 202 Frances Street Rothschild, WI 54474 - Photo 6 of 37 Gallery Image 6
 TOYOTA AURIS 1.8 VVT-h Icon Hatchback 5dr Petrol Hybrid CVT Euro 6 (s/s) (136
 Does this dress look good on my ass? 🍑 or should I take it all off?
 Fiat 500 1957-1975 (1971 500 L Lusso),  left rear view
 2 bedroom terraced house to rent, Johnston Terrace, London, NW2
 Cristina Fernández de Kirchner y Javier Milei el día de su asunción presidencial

* * *

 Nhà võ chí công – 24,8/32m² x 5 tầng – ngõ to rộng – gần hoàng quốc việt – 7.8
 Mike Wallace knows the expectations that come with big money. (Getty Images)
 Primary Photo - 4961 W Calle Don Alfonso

...

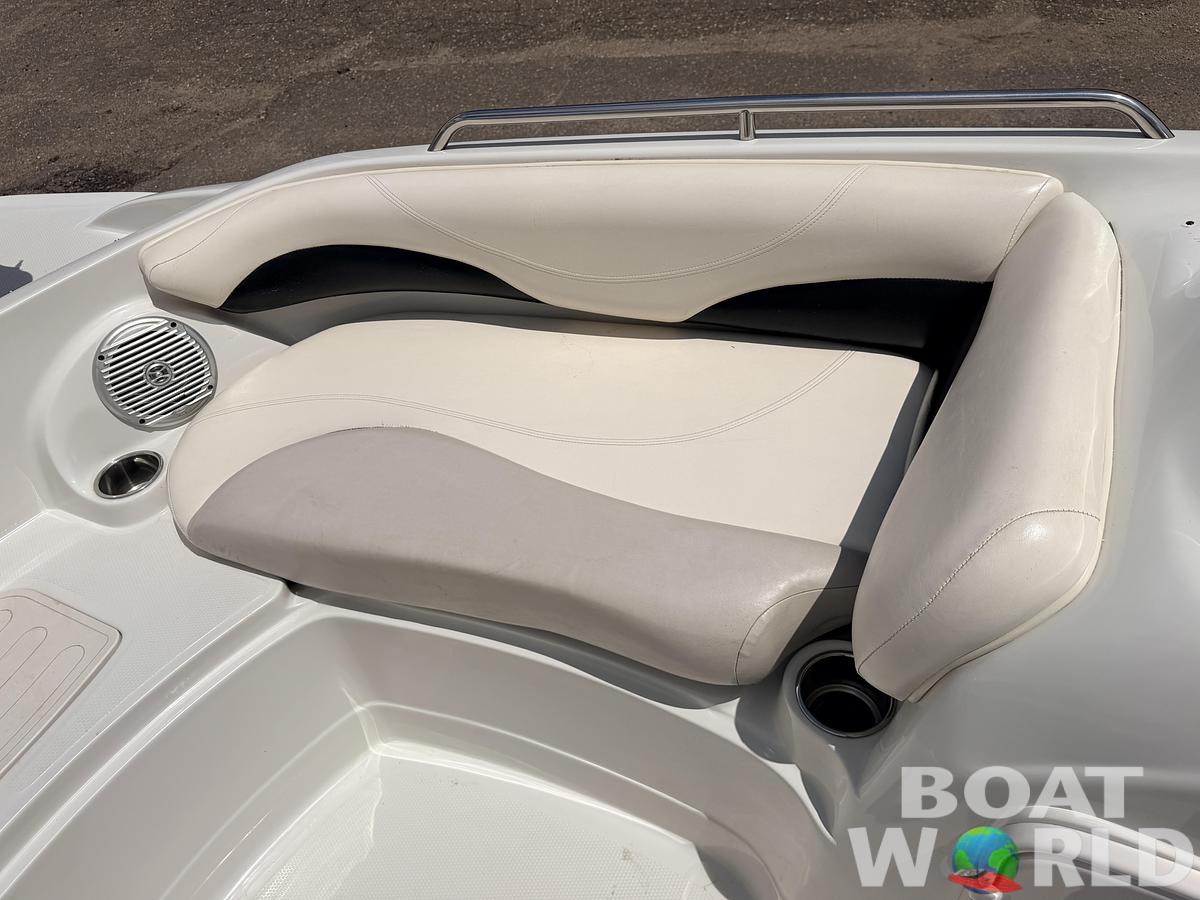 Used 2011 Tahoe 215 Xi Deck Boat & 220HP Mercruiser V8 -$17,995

§ Work item
Produce only the lines from the line containing "TOYOTA AURIS 1.8" through the line containing "Cristina Fernández de", inclusive of both, exactly as they stand in the entries above.

§ Task output
 TOYOTA AURIS 1.8 VVT-h Icon Hatchback 5dr Petrol Hybrid CVT Euro 6 (s/s) (136
 Does this dress look good on my ass? 🍑 or should I take it all off?
 Fiat 500 1957-1975 (1971 500 L Lusso),  left rear view
 2 bedroom terraced house to rent, Johnston Terrace, London, NW2
 Cristina Fernández de Kirchner y Javier Milei el día de su asunción presidencial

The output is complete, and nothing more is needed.